Si votre logement est situé dans une copropriété, il est important de prévenir le syndic de copropriété qui peut rappeler le règlement au voisin perturbateur. Vous devez également aviser la mairie du non-respect de l’horaire de tonte.
Pour faire constater l’infraction, d'abord, téléphonez à la gendarmerie ou la police en composant le 17. Les gendarmes pourront alors constater la nuisance sonore causée par le passage de la tondeuse en dehors des horaires officiels. Comme il s’agit d’un bruit dit de « comportement », les mesures acoustiques ne sont pas nécessaires. Dans le cas où l’infraction est avérée, les gendarmes pourront rédiger un constat d’infraction et dresser un procès-verbal à l’encontre de l’auteur des faits.
Un autre moyen consiste à faire appel à un commissaire de justice (ex huissier) qui pourra rédiger un constat détaillé de la situation à l’origine du conflit. Ce document officiel peut être utilisé devant un juge. Vous pouvez aussi déposer une main courante ou une plainte à la gendarmerie ou à un commissariat de police.
De plus, si vos tentatives de règlement à l’amiable n’aboutissent pas, vous êtes en droit de saisir un juge du tribunal judiciaire. Préparez votre dossier en réunissant des témoignages de votre voisinage et des documents, tels que des procès-verbaux. Pour en savoir plus sur les démarches officielles, consultez le site servicepublic.fr.
Lorsque la médiation n’aboutit pas, la voie administrative se profile. Une lettre recommandée à la mairie, à la police municipale ou au voisin fautif fait office de trace officielle. Il est conseillé d’y joindre tout justificatif : attestations de voisins, enregistrements, constats d’huissier, voire photos. Ces éléments sont précieux si le litige s’envenime. Si la nuisance sonore prend un tour répétitif ou grave, l’affaire peut finir devant le tribunal d’instance. Saisir la justice réclame patience et organisation. Les magistrats tranchent en fonction de la preuve apportée, du trouble réel et de la volonté d’arrangement démontrée par les deux parties. Préparer à l’avance les documents nécessaires en cas de litige vous fera gagner un temps précieux. Un modèle de lettre, une liste des contacts utiles (mairie, police municipale, conciliateur), et l’arrêté municipal en version papier évitent de courir en urgence. Quelques preuves, même prises discrètement, renforcent la crédibilité lors d’un recours officiel.

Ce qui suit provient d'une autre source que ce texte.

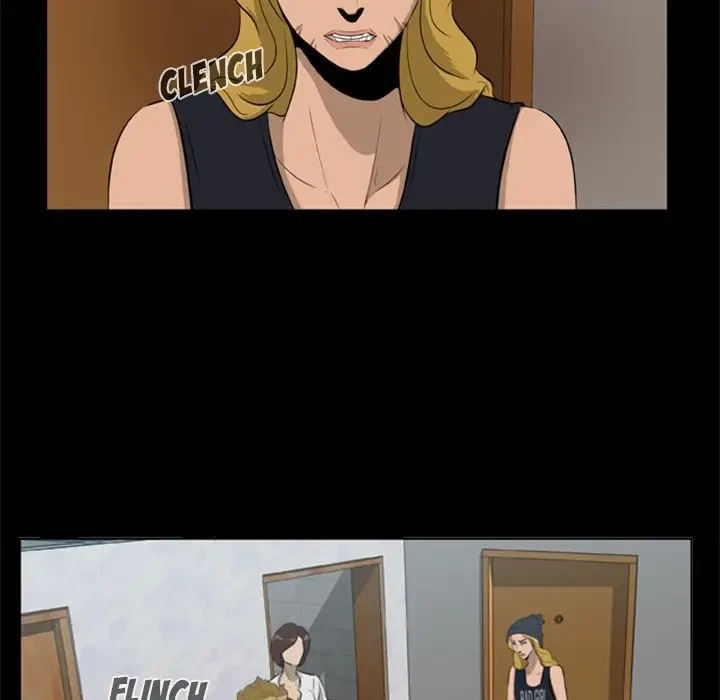 Chapter 10, page 19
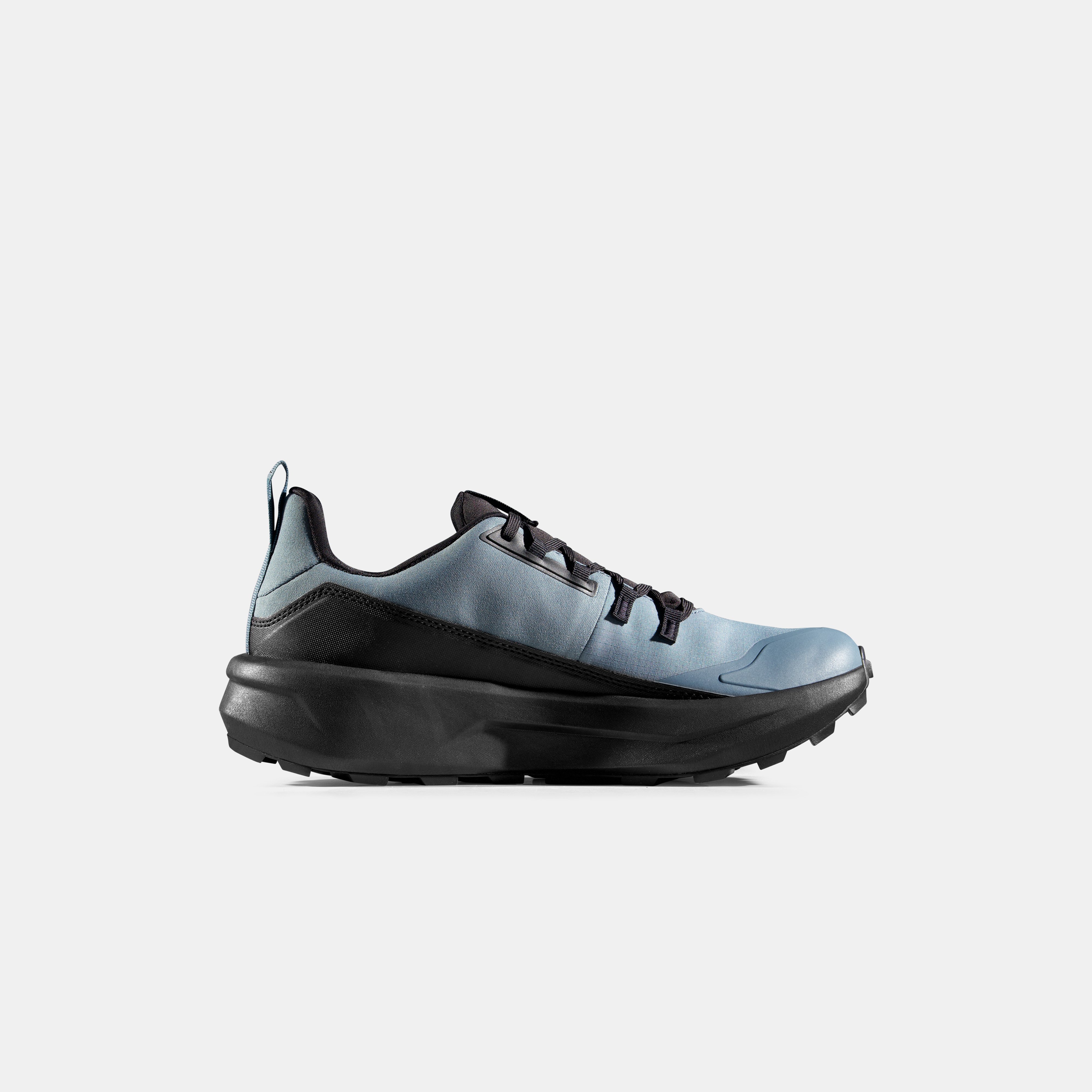 Aenergy Hike Low GTX Men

Le meilleur réflexe reste d’anticiper et de prévenir ses voisins en cas d’activité bruyante. Annoncer des travaux ou une fête, choisir un créneau approprié, limiter la durée et veiller à ne pas dépasser l’intensité tolérée. Préserver la paix du quartier passe par une vigilance partagée et des gestes simples : consulter les horaires, entretenir ses équipements, communiquer et respecter l’autre. Quand la vie collective s’enrichit d’écoute et de respect des règles, la tranquillité de tous est assurée.